Exercise objective
Would you retype the line that contains "2010-2019 Lincoln MKT" and all lines following it to the end of the entries below, exactly and without pictures?

-- Recorded data follows --

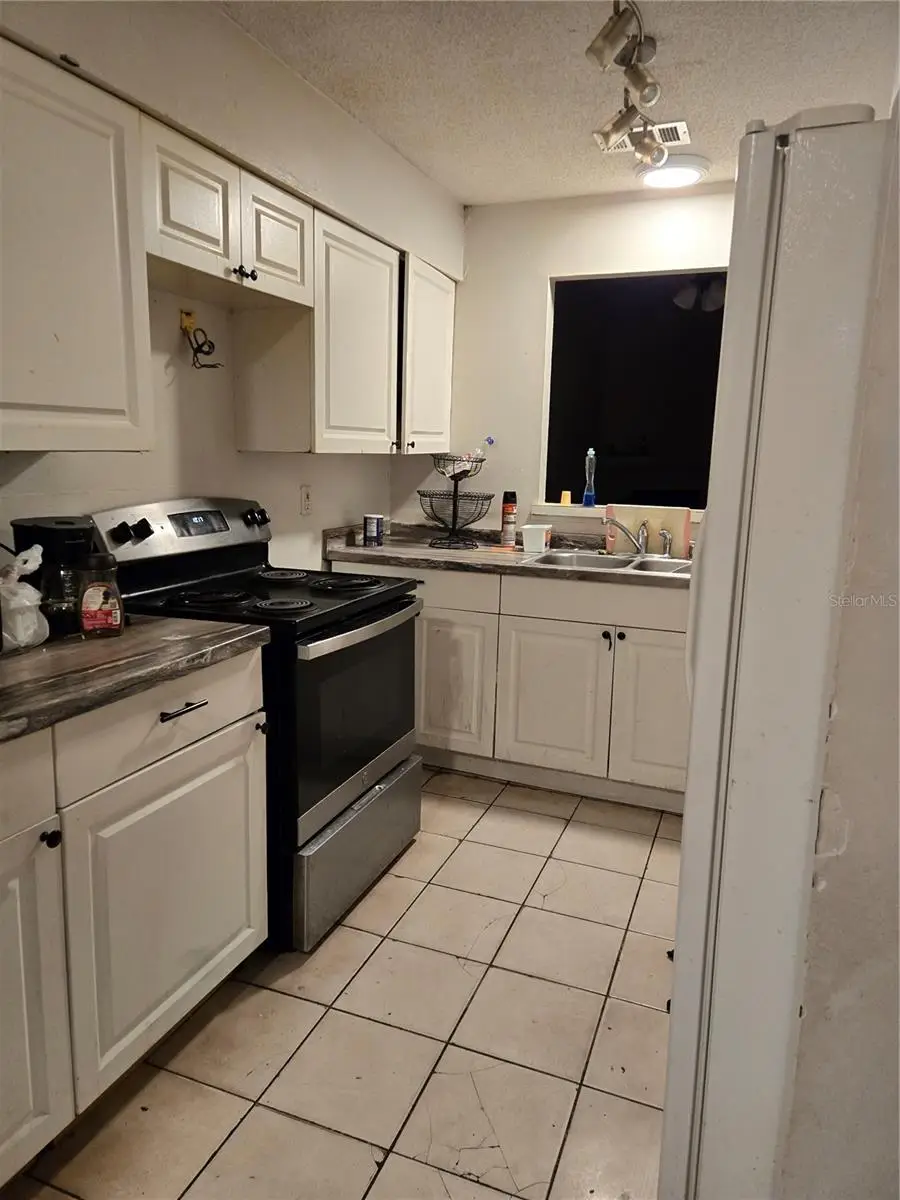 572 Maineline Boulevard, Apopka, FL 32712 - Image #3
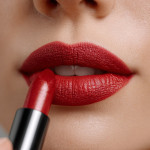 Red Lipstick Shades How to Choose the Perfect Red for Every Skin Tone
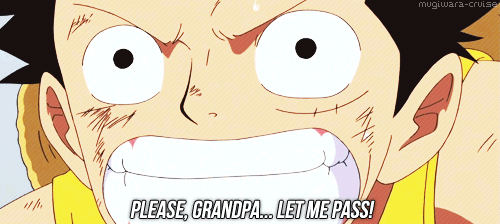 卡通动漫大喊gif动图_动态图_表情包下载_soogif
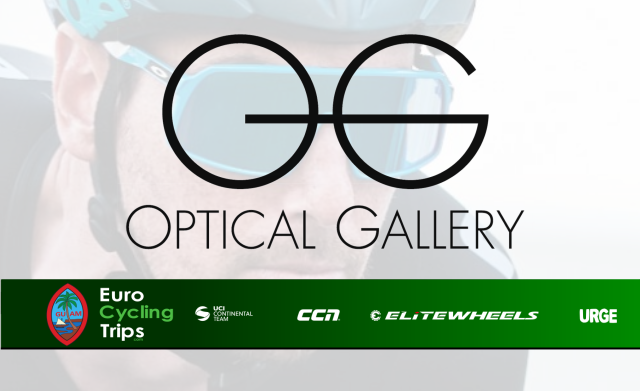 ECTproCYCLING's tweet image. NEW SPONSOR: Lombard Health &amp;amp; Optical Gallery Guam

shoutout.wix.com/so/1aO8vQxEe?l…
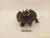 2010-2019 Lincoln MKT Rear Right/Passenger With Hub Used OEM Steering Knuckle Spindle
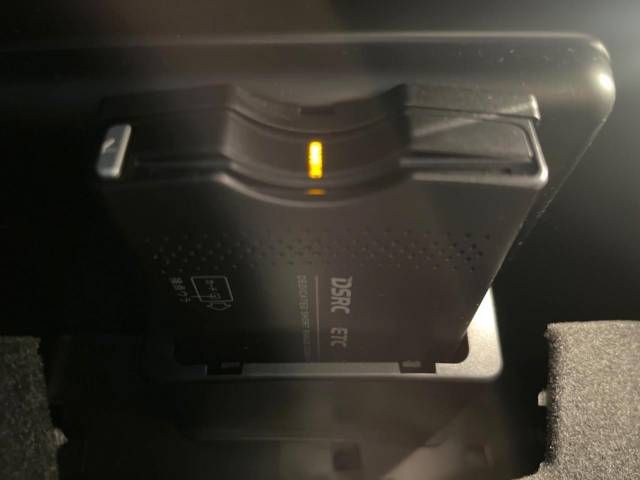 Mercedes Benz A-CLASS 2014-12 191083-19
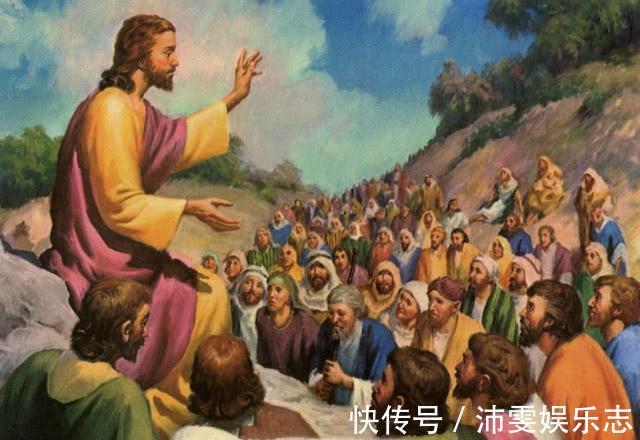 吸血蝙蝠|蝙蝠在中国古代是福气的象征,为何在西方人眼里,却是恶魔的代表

-- Recorded data concluded --

Response to this task
 2010-2019 Lincoln MKT Rear Right/Passenger With Hub Used OEM Steering Knuckle Spindle
 Mercedes Benz A-CLASS 2014-12 191083-19
 吸血蝙蝠|蝙蝠在中国古代是福气的象征,为何在西方人眼里,却是恶魔的代表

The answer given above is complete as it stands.